When a loved one is diagnosed with MS, you're bound to worry. What's in the future? How can you help? Here are some answers.
- What is MS? MS is a chronic, often disabling disease that attacks the central nervous system, which is composed of the brain, the spinal cord, and the optic nerves. MS interferes with the transmission of nerve signals.
- How serious is it? The majority of people with MS do not become severely disabled and do have normal or near-normal life spans. In some severe cases, however, MS can shorten life.
- Are there any typical symptoms? MS affects each person differently, and a wide variety of symptoms is possible. Typical symptoms might include difficulty walking, numbness, visual problems, and bladder and bowel problems. More severe symptoms are difficulty swallowing and paralysis.
- Are there any symptoms you can't see? Yes. Most often people experience "invisible" symptoms: heat sensitivity, changes in cognition such as memory loss, muscle pain, and fatigue. Although you can't see these symptoms, they can be the ones that are most troublesome for people with MS.
Do the symptoms get worse?
The progression of the disease varies from person to person. There are four different diagnoses of MS:
- Relapsing-remitting MS (RRMS) is the first diagnosis for 85 percent of people with MS. They experience clearly defined attacks followed by partial or complete improvement of symptoms.
- Secondary progressive MS (SPMS) develops in some people with RRMS. Although periods of remission occur, the symptoms continue to worsen.
- Primary progressive MS (PPMS) is diagnosed in 15 percent of the MS population. It's defined by a slow worsening of symptoms.
- Progressive-relapsing MS is the most rare and is characterized by steadily worsening symptoms with superimposed attacks.
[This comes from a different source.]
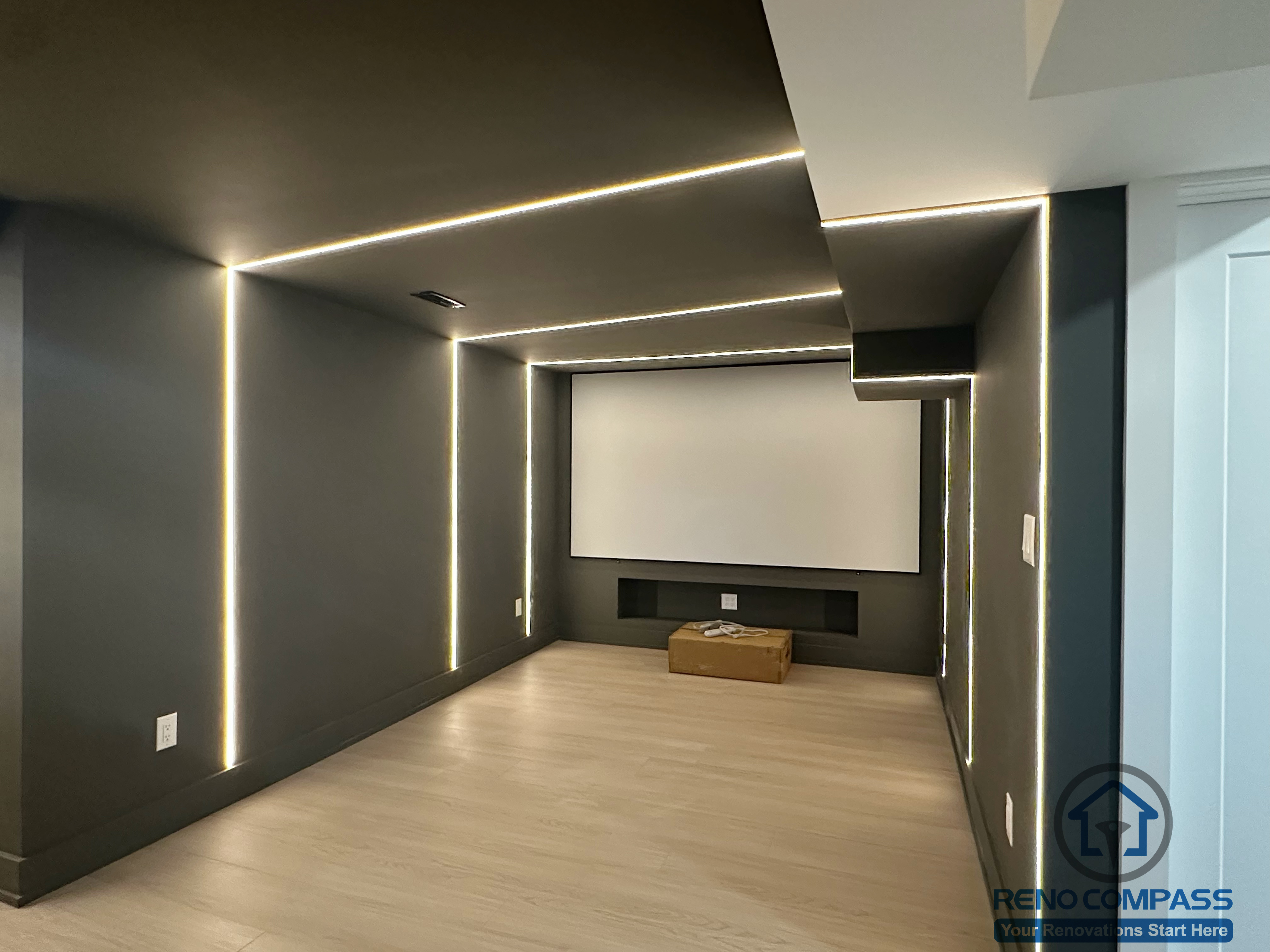 This Markham interior renovation features a custom-designed home theater space focused on immersive viewing and clean architectural lines. Integrated linear LED lighting is built into the walls and ceiling to create a controlled, cinematic atmosphere while enhancing spatial depth. Dark matte finishes reduce visual distraction, allowing the screen to remain the focal point of the room. The layout prioritizes acoustics, lighting balance, and comfort, resulting in a dedicated media room that feels modern, minimal, and purpose-built.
- What's the first course of action? Most relapsing forms of MS respond to disease-modifying medications (DMMs). Doctors recommend treatment as early as possible. In the last few years, the FDA has approved several DMMs that actually halt the progression of the disease in some cases.
- Are there any lifestyle changes my loved one should make? Smoking cigarettes has been associated with a worse course in MS, so if your loved one smokes, now is the time to quit. Additional studies have shown that stress may play a role in MS, so it's important to learn how to manage stress.
- Does diet play a role? Studies show that a vitamin D deficiency is associated with increased risk of MS. Many studies have also been done on MS and the role of diet plans, such as the low-fat Swank and McDougall diets. There have been no conclusive findings, but diet does play a role in any overall health strategy -- for both the person with MS and for you, the caregiver.
- How about exercise? Research has shown that both aerobic and strength-building exercises can be beneficial for people with MS. In addition, stretching exercises, like light yoga, can improve stiffness and improve flexibility and mobility.
- Where can I find help? Contact your local chapter of the National MS Society, where you'll find the latest science on treatments and clinical studies, as well as help with practical matters such as health insurance and legal advice. Most important, chapters usually offer support groups, self-help groups, and even exercise classes at low or no cost.
For caregivers and people with MS, establishing a strong network of people with similar issues is a big help, and the National MS Society can help build that network.